Going through that checklist in your example, you are still on the topic of the family business (#1), have not changed time (#2) or place (#3), do not change speakers (#4), and then #5 is really a stylistic determination. Do you want to emphasize the groan. If not, what you have as a single paragraph is fine. If so, then possibly making a new paragraph would matter. In such a case, you would perhaps say even less to make the effect more dramatic, so:

William said, “Sweetie, raising greyhounds is not easy. But it is the family business.”

Elisabeth groaned.

William continued, “Of course, you don’t need to take over the family business.”

However, a verbalized swear word technically does require the paragraph switch, as then you are changing speakers. So consider these two examples, depending on how you relay Elisabeth swearing:

William said, “Sweetie, raising greyhounds is not easy. But it is the family business.” Elisabeth swore under her breath at the turn in conversation. She rubbed the back of her neck. William said, “Of course, you don’t need to take over the family business.”


William said, “Sweetie, raising greyhounds is not easy. But it is the family business.”

Elisabeth muttered, "$*'+!".

William continued, “Of course, you don’t need to take over the family business.”


1 Some sources that note this:

4

Despite the sources that ScottS cites, I believe this idea that you should use a new paragraph for a new person speaking is bogus. Paragraph rules are paragraph rules. You use a new paragraph for a new thought. A new person speaking is often a new thought, but not always.

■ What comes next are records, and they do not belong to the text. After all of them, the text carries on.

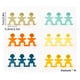 thumbnail image 5 of Ganfancp Cute Little Man Stacking Stacking High Educación Infantil Coordinación Ojo-Mano Entrenamiento Fino Puzzle Juguetes Rebajas Flash Deals 1*Juego de Jenga, 5 of 7
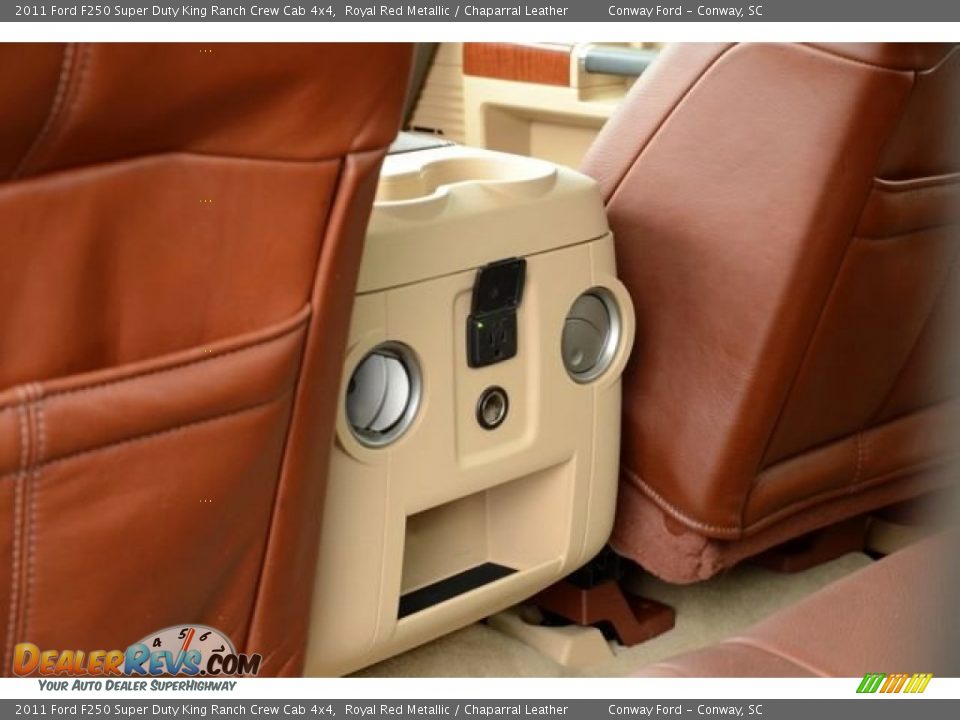 2011 Ford F250 Super Duty King Ranch Crew Cab 4x4 Royal Red Metallic / Chaparral Leather Photo #14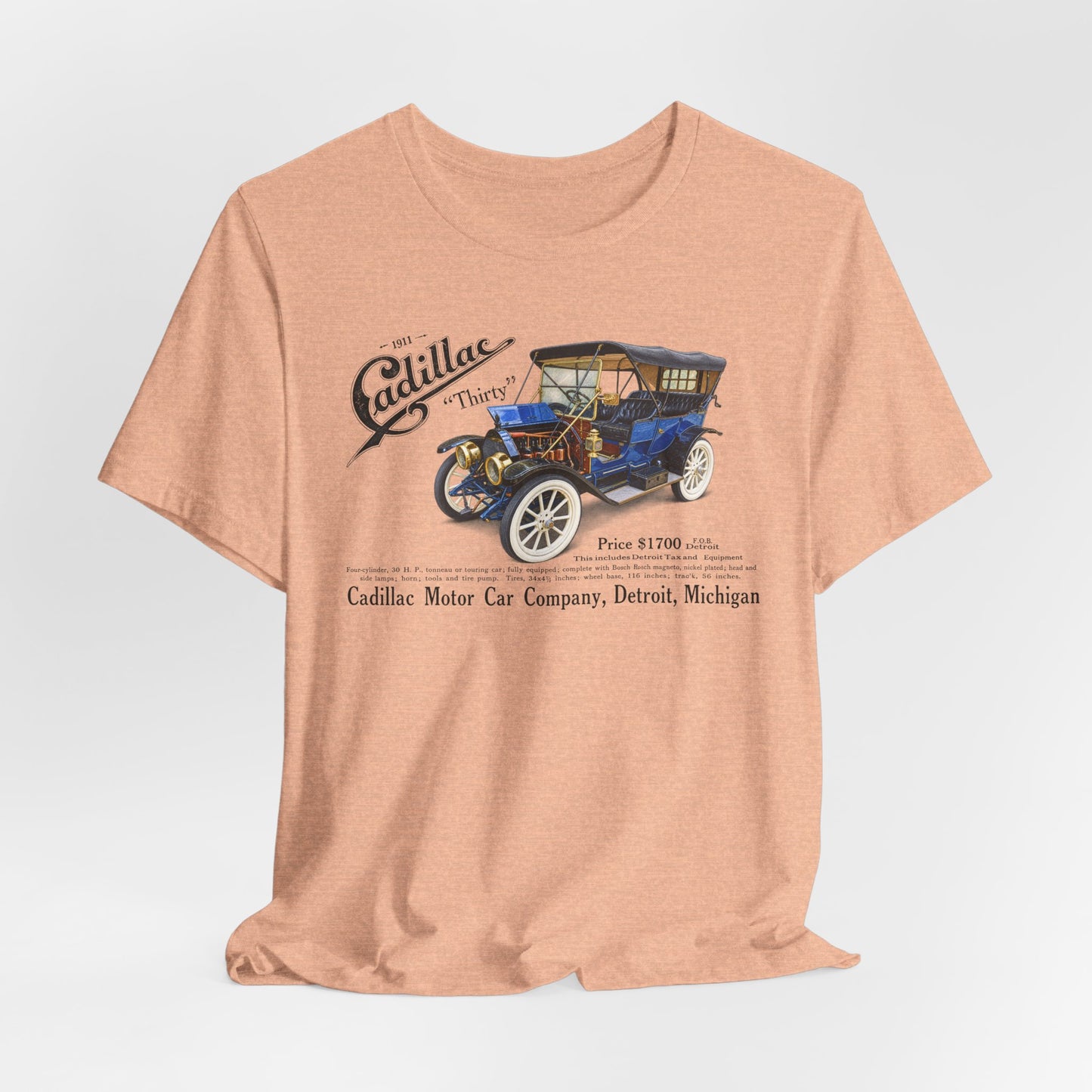 1911 Cadillac Vintage Car Tee – Classic Antique Automobile Graphic Shirt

In particular, dialogue that is incidental to action can often involve more than one person speaking in the course of a single moment of action that should clearly be written in one paragraph.

Tom said "Hello, baby," while Harry whistled and Dick tipped his hat to the lady.

Splitting that into three paragraphs would clearly be absurd. As would splitting the following:

Tom said "Hello, baby," while Harry exclaimed "Yowza!" and Dick whispered "Oh boy!" under his breath.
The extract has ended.